I know that there are people working to create diagnostic assessments or games that “learn” from students’ input. The goal of these systems is to get better at identifying strategies, and they’re set up by knowledgeable meatsacks who are looking to diagnose particular misconceptions at particular points in the work. This is really hard work because very few of us approach even very similar problems with the same strategy every time. That said, there is a finite number of things you can do on any problem. There’s a lot of probability involved, and a lot of design expertise in the set up. I’m working (very slowly) on one for comparing fractions, and my ultimate goal is to provide useful information to teachers.

@Belinda, what is the common adding fractions error that you see? In your experience does this error tend to be persistent or easily remedied?

@Josh, The fact that this student needs major remediation is why I think it is a poor example for the value of a meatsack. If a meatsack can isolate the aspect of the problem creating issues and quickly remediates, great! Big advantage for meatsacks over computers. In this case, though, the meatsacks haven’t “pinpointed” the issue because it isn’t a pinpoint — it is likely a giant gaping hole in the students understanding of fractions. Maybe the meatsack determines that major remediation is needed a little quicker than the computer, but that is not much of an advantage in my mind.

@ Belinda #25
The idea of a student being bothered by a wrong answer has nagged at me my whole teaching career (25+ years) The experience of a student getting a paper back and berating themselves for an answer that makes NO sense is reassuring at a certain level – it’s nice that they see the impossibility – but it sure would be a WHOLE lot better if there was some alarm that went off while they were still taking the test. How do we help instill that sort of early warning system for kids so that they self check more effectively during the assessment process?

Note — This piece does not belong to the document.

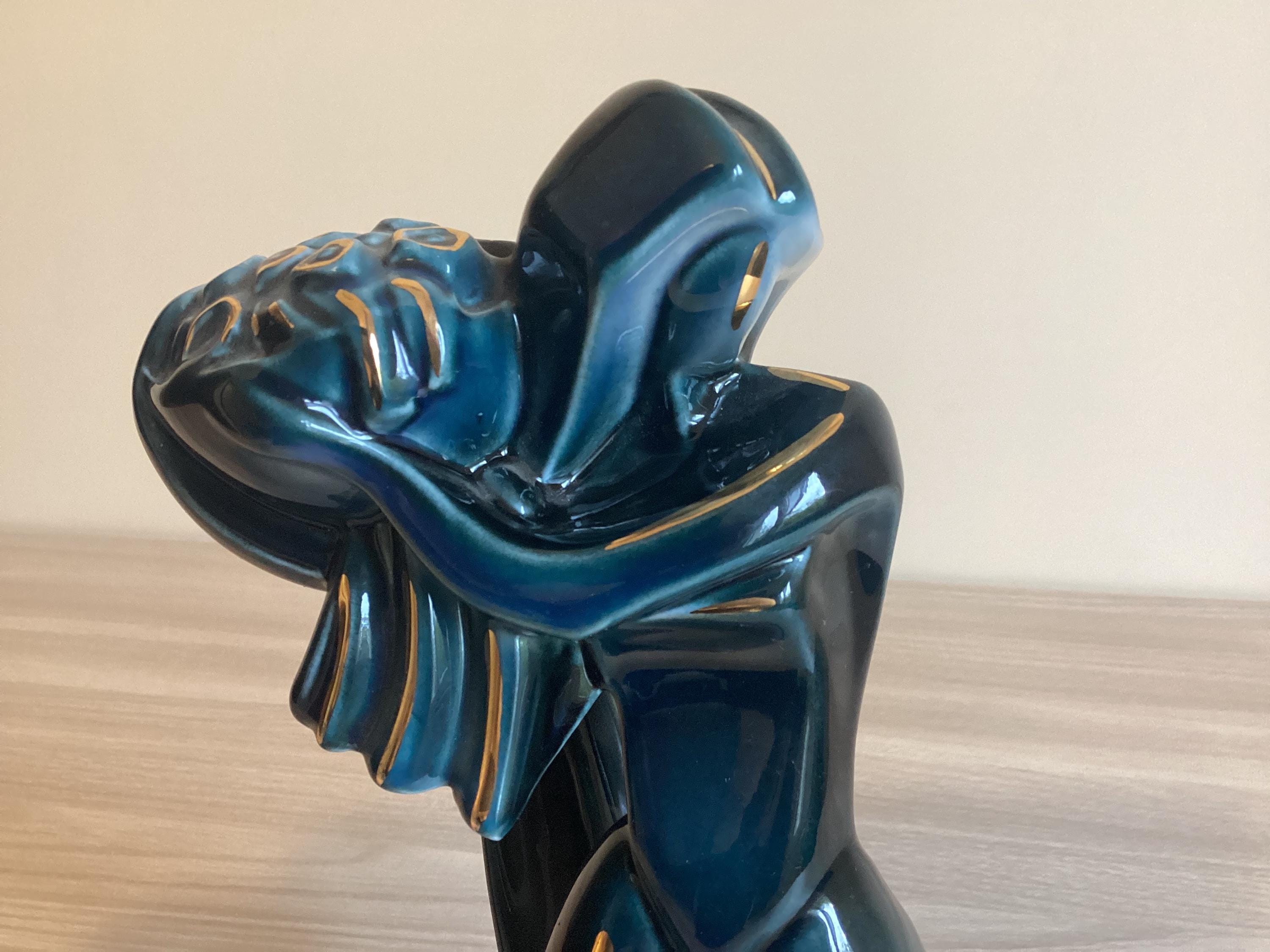 Vintage Porcelain Sculpture | 1980s Apulum Romania, Hand Made Green Modernist Figurine — photo 5 of 9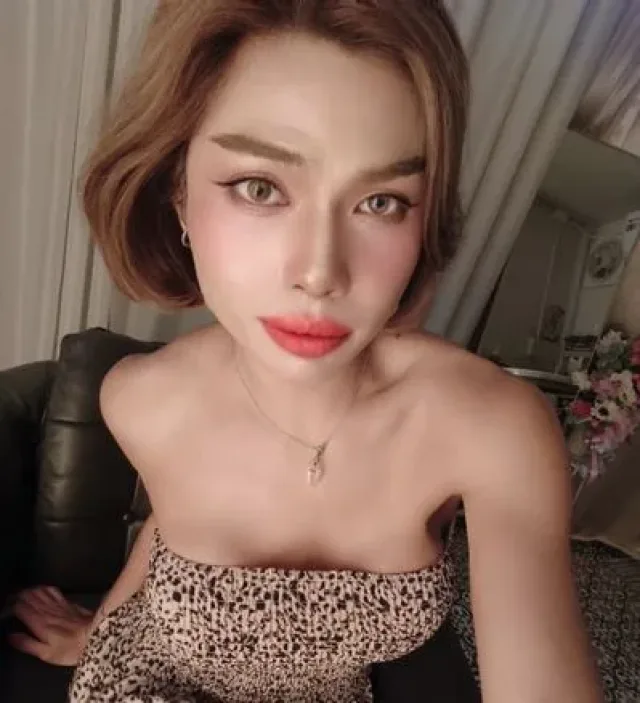 태국 쉬멜 아옴 실사 프로필 여섯번째 상세 이미지 태국 쉬멜 아옴 실사 프로필 여섯번째 상세 이미지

@mr bombastic: Okay, you’re right, there are better examples. But I think it’s still indicting to note that the computer-based system can’t even tell the difference between small flaws and major, gaping holes. I’d suggest that “a little quicker” is an understatement.

Here is a link to the Carnegie Learning demo page in case you haven’t seen it.

http://mathseries.carnegielearning.com/demos/

Re. Carnegie Learning
It was too expensive for our school. It’s cheaper for us to have failing students. We tried it for a semester in my classroom, but we didn’t have the part to reduce the level down to where our students are (about 4th grade for our 9th graders).
The cost is in having non-reusable books and licenses. If you buy a traditional textbook you can use it for (15) years. The Carnegie course has to be paid annually.
I saw a major improvement among students who used it, but there were also a lot of students who decided they would simply do nothing ( Facebook, facebook , facebook). The gap got larger. The course is very traditional, and our district decided they wanted to do “discovery learning.”
One thing I did like about Carnegie – they were honest. They told our school district that we were in no way ready for common core, and pretending we had students ready for common core in high school was setting kids up for failure. Nobody listened, but it’s the first time I’ve heard an honest sales team.